At this point you might be thinking, “And with all this taking apart and putting back together of children’ beds, how is Kelly’s marriage going?” And I would respond with, “What a totally rude, yet perceptive question! It’s going fine. But I’m also not allowed to know where the screwdriver is anymore.”
5 More Minutes…
In our house, bedtime looks like: 2 stories, 2 songs, 1 prayer and a few hugs and kisses. However, once the lights are out and the door is left cracked exactly 7mm, our boys are allowed to chit chat to their hearts’ content. I tend to believe this special “kids only” time is super important for brotherly bonding and helping them feel like their room is a safe space. Not to mention, it has absolutely provided some of the best at-the-door listening I’ve ever experienced.

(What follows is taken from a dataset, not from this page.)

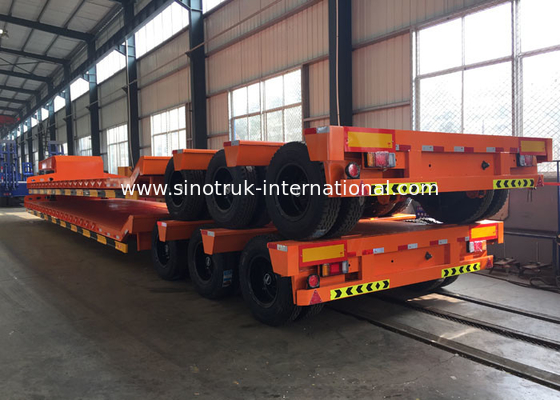 Hydrauliczna platforma z naczepą niskopodwoziową do budownictwa Ładowanie 80 ton 17m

Take a Page from the Will Ferrell Playbook
Not that any of us want our full-grown adult sons terrorizing our houses thirty years from now, but it’s a pretty beautiful thing to see how Dale and Brennan begin to repair their relationship, after they create a shared space they can both enjoy.
For our kids, this looked like bunk beds (once they were old enough), a book shelf stocked with a variety of books at each of their reading levels, a cozy reading corner, a costume drawer and a toy drawer.
And of course, plenty of space for activities.
I’ll blog more about the specifics of their room setup soon, but I found that one of the most important things was making sure that there were a handful of favorite toys and actual space to play in their bedroom.
Our boys have been enjoying their space so much that my husband and I have even gotten so bold as to require the boys to play in their room until (gasp!) 6:15 every morning – and they do it! And full disclosure, 6:15 is actually 6:30, because there is nothing wrong with setting your children’s bedroom clock back, if they share a bedroom. You’re basically just increasing their available playtime every morning.
What a good mom you are!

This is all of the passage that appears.